He wears black. Black leather pants, a snug black shirt that goes to his forearms, and a black mask that doesn’t hide his blueblue eyes or the ways his lips purse when he gets irritated.

The others have always gone for style and flash, they’ve burnt the sky with rockets strapped to their backs, they’ve yelled out their presence in the crowd with oranges and reds and greens, they’ve shouted their demands and spewed their hatred, they’ve toppled buildings and killed people because they thought they should. And she caught them. She’s always caught them.

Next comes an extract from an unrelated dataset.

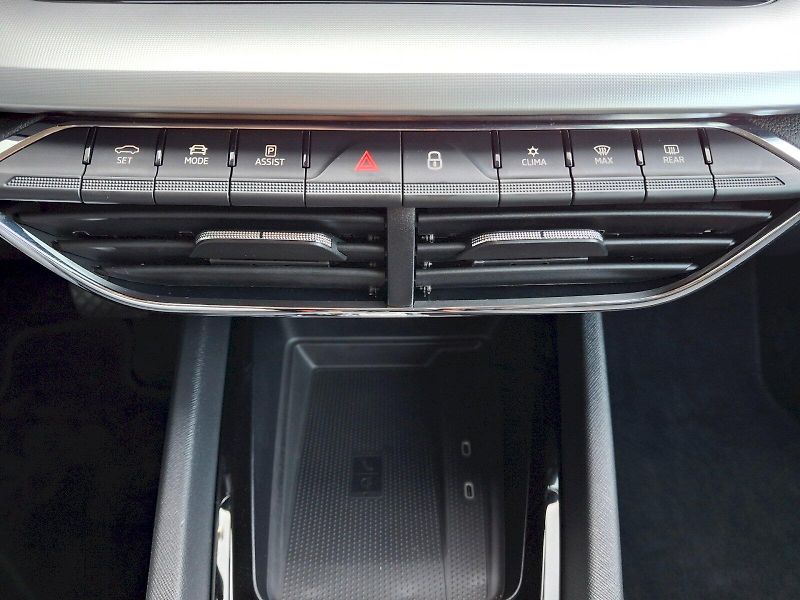 Škoda Octavia (2022) Style DSG 1,5TSi 110kW - fotka 30 z 34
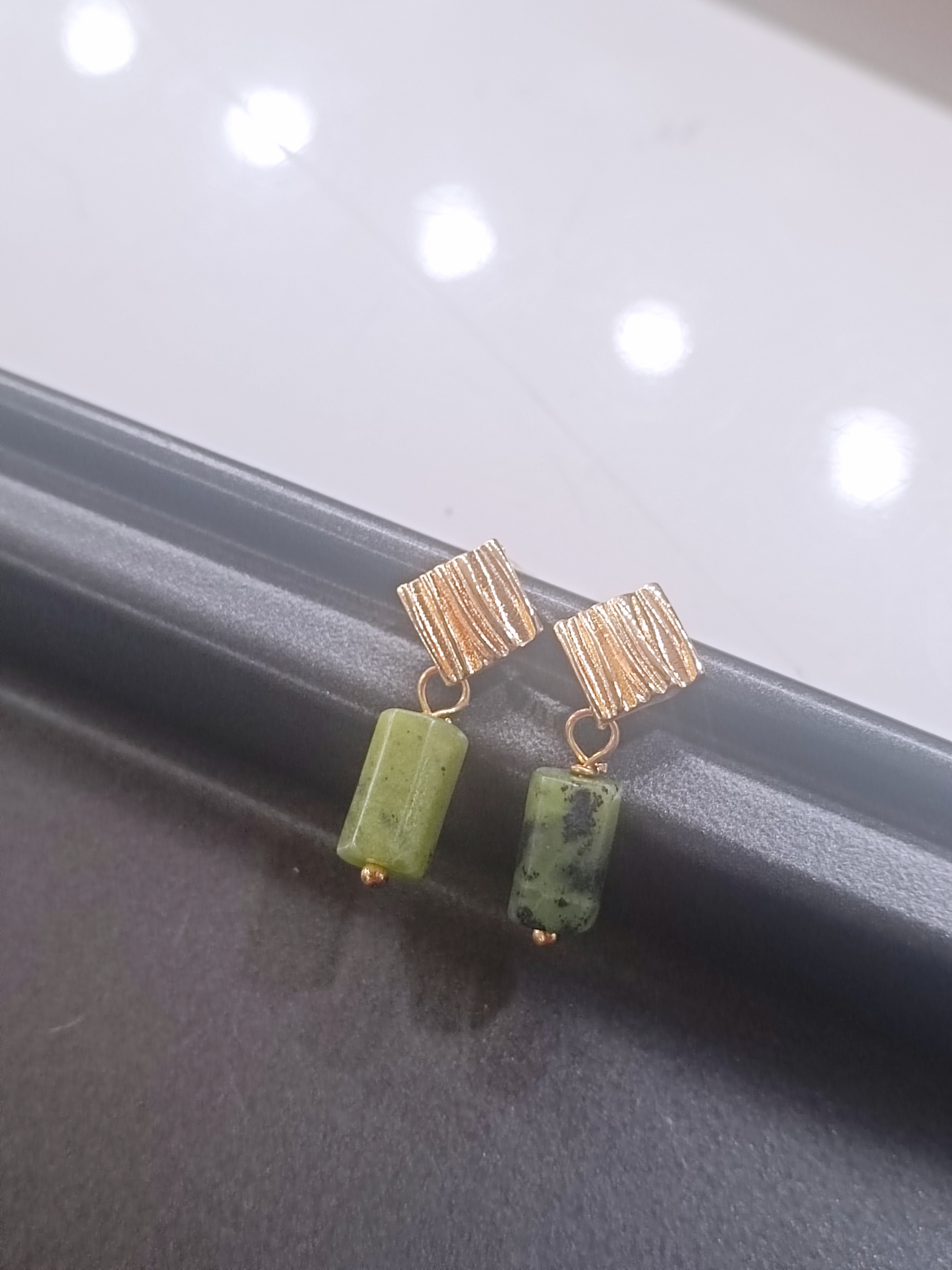 ต่างหู "14K" ประดับหยกแท้ Canadian Jade Jewelry Earring (ร่ำรวย มั่งคั่ง)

They call her Maverick to her face, although she’s seen the newspapers with Annie Oakley Returns and The Last Cowgirl Fights Back. Maverick. An unbranded range animal. She thinks it fitting, and lets the writer who coined it know she approves when she drops by to save the Pasadena Gazette from going up in flames. She likes the freedom of the word, as well as the danger, and she’s never been a fan of the slutty superheroes. They can stay away from her range, she’s got it covered.

She wasn’t always a superhero, of course. She was going to be an actress, she was going to take Hollywood by storm. Except four years ago, on her way to Pasadena, her boyfriend Kurt ran a red light and crashed the car into a truck, and two gallons of chemicals spilled into their car as she laid there, unconscious.

They said it was a miracle she lived (he didn’t), so she didn’t mention the fact that her reflexes were sharpened past-human, that she was stronger, faster, and had developed the sudden knack for controlling water molecules. Her hair’s grown back and her arm has healed and she’s gotten past that wreck just like she’s gotten past everything in her life. And she’s never looked back.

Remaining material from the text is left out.